For a researcher in African studies working in Austria, there is no substitute for international experience, which is why I already spent a year at the University of London as a student. My Schrödinger Fellowship has taken me not only to France to the Université Bordeaux III, but also back to Tanzania for two periods of several weeks, a country where I had earlier spent a total of one year for research purposes. My project on Tanzanian youth culture is tied to the multi-annual interdisciplinary research project Dimensions de l’objet Swahili: textes et terrain under the leadership of the literary scholar Alain Ricard and the geographer François Bart. The two experts have built up a research unit on Tanzania in Bordeaux, which is rather unusual for France, where affinities usually lie with West Africa due to the country’s colonial past.
Place of Research
Unlike Vienna, there are many colleagues with African backgrounds at the University of Bordeaux – both researchers and students – which I find very enriching.
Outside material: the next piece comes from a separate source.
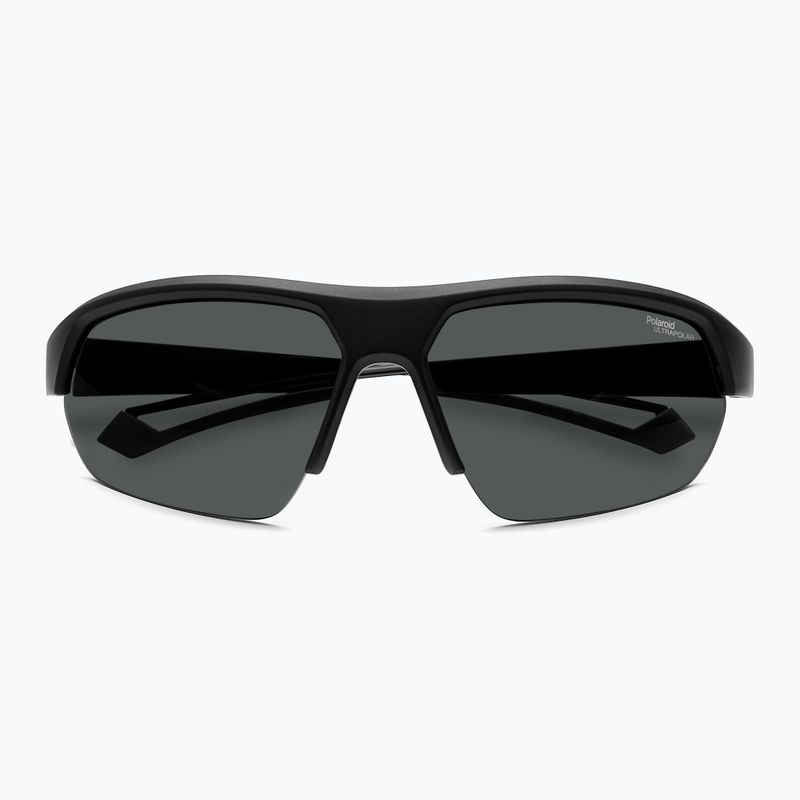 Polaroid PLD 7048/S matte black/grey polarized high contrast sunglasses 3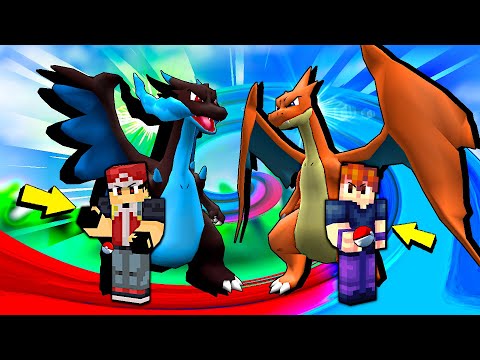 Minecraft Pixelmon Manhunt Red VS Blue Edition (Speedrunner VS Hunter)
Somewhat less inspiring is the pronounced sense of hierarchy and the many formalities that seem even more convoluted in France than in Vienna. This said, most of my colleagues are very friendly and both of the project heads invite me now and then for dinner at their homes and introduce me to new people. I also have fond memories of a workshop organised by our project team in Nairobi (Kenya) following some field research in Tanzania. My time in Tanzania was spent in several smaller towns where, assisted by my two long-standing research assistants Nginjai Paul Moreto and Azizi Matiga, I interviewed numerous young artists and translated the lyrics of their songs from Swahili into English.
Initially dedicated mainly to the Tanzanian hip-hop type of music called Bongo Flava, my project shifted focus during my stays in Tanzania. I quickly realised that the medium of film has rapidly gained ground in the country over the last three years – thanks to the production of video feature films in Swahili on the one hand, and through the translation of American, Indian and Chinese film productions into Swahili on the other. My studies of this part of popular culture have sharpened my focus on the genre of music where numerous parallel developments are in train. There are many opportunities here for me to present my tenets in the context of workshops organised by the project team and to develop them further together with my colleagues who deal with Tanzanian culture from the perspective of other disciplines.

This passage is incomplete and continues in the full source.